**YOUR OBJECTIVE**
Give the listing again exactly, omitting its images.

**RECORDED INFORMATION**
*** Begin section ***
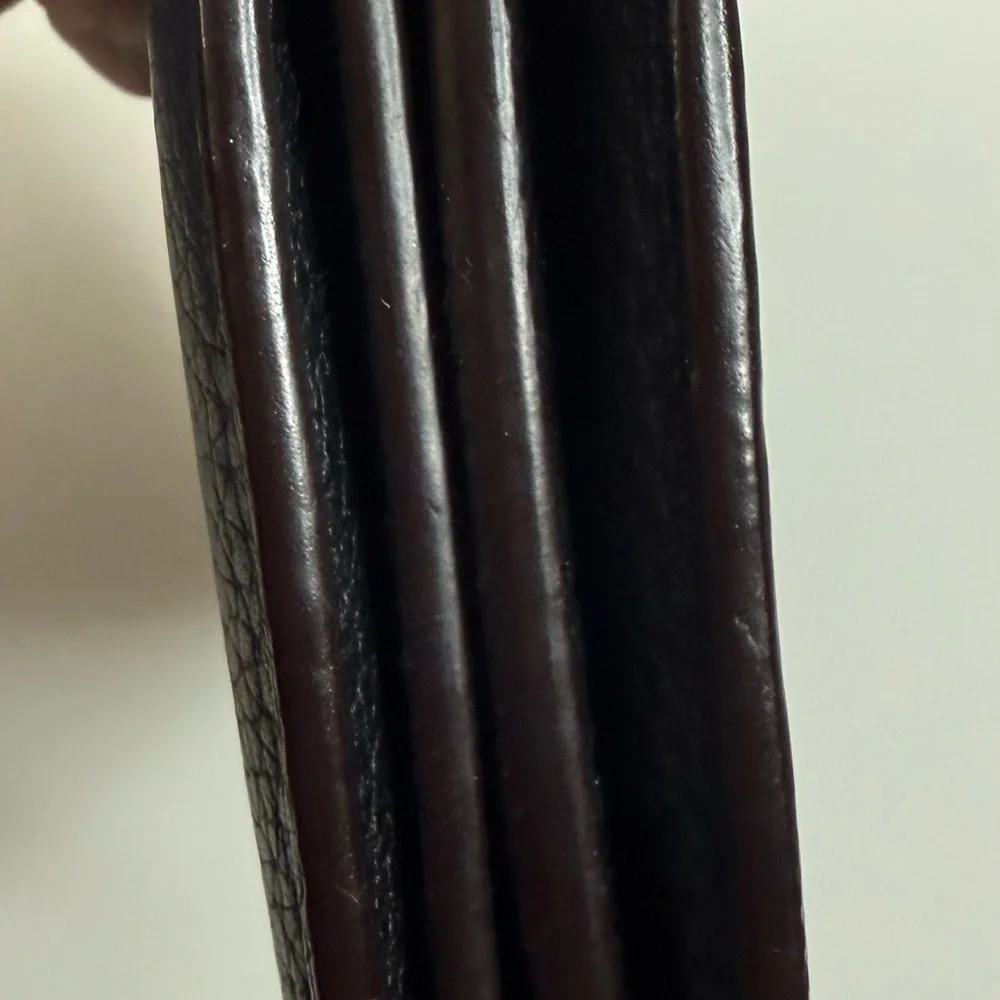 Louis Vuitton Portefeuille Comete Long Bifold Wallet Taurillon
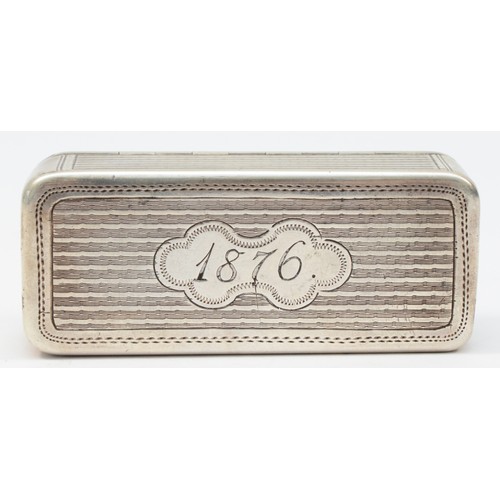 17 - An early 19th century French snuff box, maker TS and weak control mark, with linear engraved decorat... 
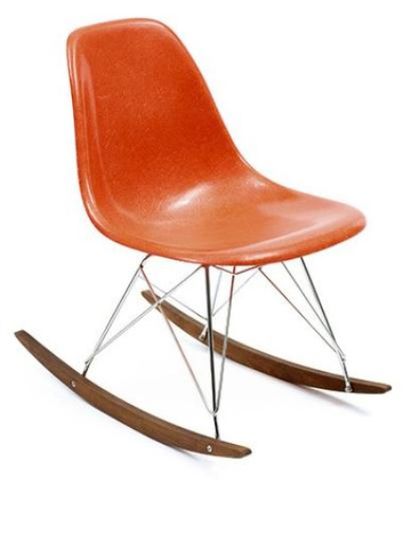 null Charles (1907-1978) & Ray EAMES (1912-1988)

Chaise modèle à assise en polyester...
*** End section ***
**ANSWER SECTION**
 Louis Vuitton Portefeuille Comete Long Bifold Wallet Taurillon
 17 - An early 19th century French snuff box, maker TS and weak control mark, with linear engraved decorat... 
 null Charles (1907-1978) & Ray EAMES (1912-1988)

Chaise modèle à assise en polyester...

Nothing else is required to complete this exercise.